Adapted from Phillip K. Dick’s novel of the same name, The Man in the High Castle is set in an alternate world, where the U.S. lost World War II, and the Germans and Japanese split the United States into two (with a small buffer “peace zone” set across the Rocky Mountains). Taking place in 1962, it examines the growing tension in the extended Reich on the East Coast and the Japanese Pacific States out west; more importantly, it takes place right as Adolf Hitler is succumbing to illness, putting the world on edge of war once again. One part The Americans, one part Lost (we’ll get to that), and two parts generic period drama, The Man in the High Castle is most fascinating when its building out its world, displaying an America crushed and split into two, living under the thumbs of two powerful, yet distinct regimes.

At that, The Man in the High Castle is one of the most intriguing pilots in recent memory, an unsettling dystopia that is so fascinating and well-constructed, it overshadows any attempt at the pilot to deepen its characters. While there’s certainly an ensemble to the show, the only characters the pilot distinctly focuses on are the two newest to the underground resistance being formed around a secret newsreel showing a world where the US did win World War II: Joe Blake, a newly-minted rebel driving from NY to Colorado with a special package, and Juliana Crain, a woman who heads to Colorado in place of her sister when she’s murdered by Japanese police. However, the pilot doesn’t do a lot to make them interesting characters; instead, they acts as conduits of silent exposition into this new world, which robs the script of some of its more intriguing, shadowed exploration of identity, allegiance – and at its core, reality.

It’s not that Luke Kleintank or Alexa Davalos don’t try to bring nuance to their characters; they do (particularly Davalos), there’s just not a lot of detail spared for character, as it tries to set up this ambitious, expansive story of an alternate world.

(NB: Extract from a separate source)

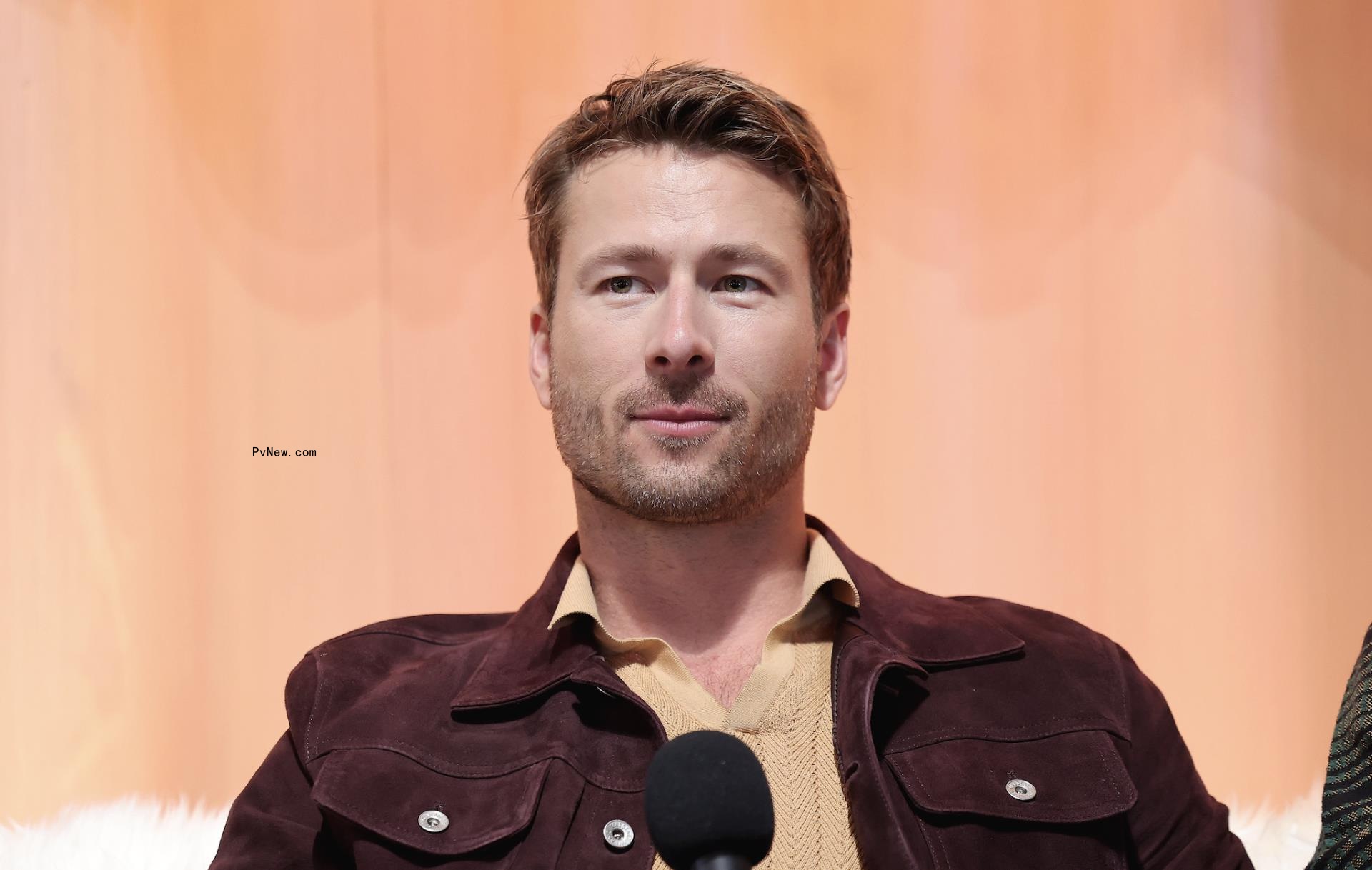 Glen Powell Says Looking Down on Rom-Coms Is ‘Kind of Silly’ as ‘Anyone But You’ Hits $100 Million, Talks ‘Hit Man’ and ‘Top Gun 3’ Teases at Sundance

And when The Man in the High Castle begins to tug at the strings of that world, it gets a lot more interesting: as people wonder (including DJ Squalls, who appears in a recurring role) what is happening to the Fuhrer, everyone is scrambling to prepare for war – and all the espionage, double-crossing, and assassinating that comes along with it, which appears to lay out an intricate web of deception and mystery as each character continuously questions themselves and others, forming alliances that seemingly go against the uniforms they wear, or roles they play in society.

When The Man in the High Castle dips into that duality, that exploration of perception, it really begins to come together, truly beginning to reach at that Dickian exploration of reality. The news reel Juliana watches isn’t just some random collection of images that could’ve been; that news reel is full of information from a world familiar to the audience, twisting what initially appeared to be a fantasy series with a spy angle, to an existential exploration of reality. What does it mean to be ‘free’? What is ‘victory’ really anyway? Are there infinite realities? These are the questions The Man in the High Castle seems to be interested in; so interested, in fact, it comes at the cost of its characters.

Despite that, The Man in the High Castle’s pilot is very good at… well, being a pilot. Should (and they should) Amazon order this to series, a full season order will give the writers plenty of time to flesh out the people living in the vibrant dystopian world they’ve constructed with this pilot. With The Man in the High Castle, Amazon has their first promising dramatic series; let’s hope they see this one through to a full season, exuding a confidence not yet seen in their potential hour-long offerings.